|
From: Julian S. <js...@ac...> - 2009-03-01 11:36:46
|
> Does anyone know if such a function, that returns the block between two > addresses exists? I think what you want to do isn't doable, at least it isn't the way you've been looking at it so far. There are two "times" that are important here: when the block is translated (translation-time) and when it is run (run-time). In order to do a minimal partitioning at translation time, you need to know all the branch targets in the program, and that's just not doable. Not only from a practical perspective but also because it's undecidable. IMO you should forget about trying to avoid the tail duplication at translation time; just let the translator do its thing. So that means you're restricted to trying to deduce the block boundaries from the run-time behaviour.
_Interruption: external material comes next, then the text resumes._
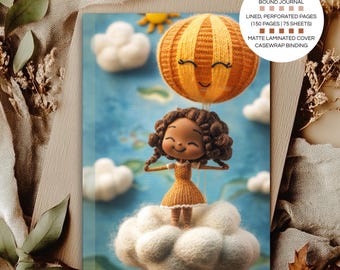 Hardcover Lined Journal | A5 5.75"x8" | Wool Knit Style | Black  Art | Personal Notebook | Inspirational Self Care Gift Stationery for Women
Suppose, at run time, you observe a jump/call/return (any control flow transfer which isn't simply "fall through to the next instruction") from instruction A to instruction B. Then you can deduce that that A is the end of a basic block, and B is the start of one. As the program runs more and more, and you see more A->B transitions (for different A and/or B) you gradually partition the initially unknown code space into smaller and smaller blocks. Of course that only gives you the blocks observed for the specific paths that that run of the program takes. In order to find all the bbs statically (at translation time) you would need to know all the branch targets statically. But that's not something that any static analysis can guarantee to do, because of decidability limitations. So that means you're restricted to finding the block boundaries that are evident at run-time. Does that make any sense? J |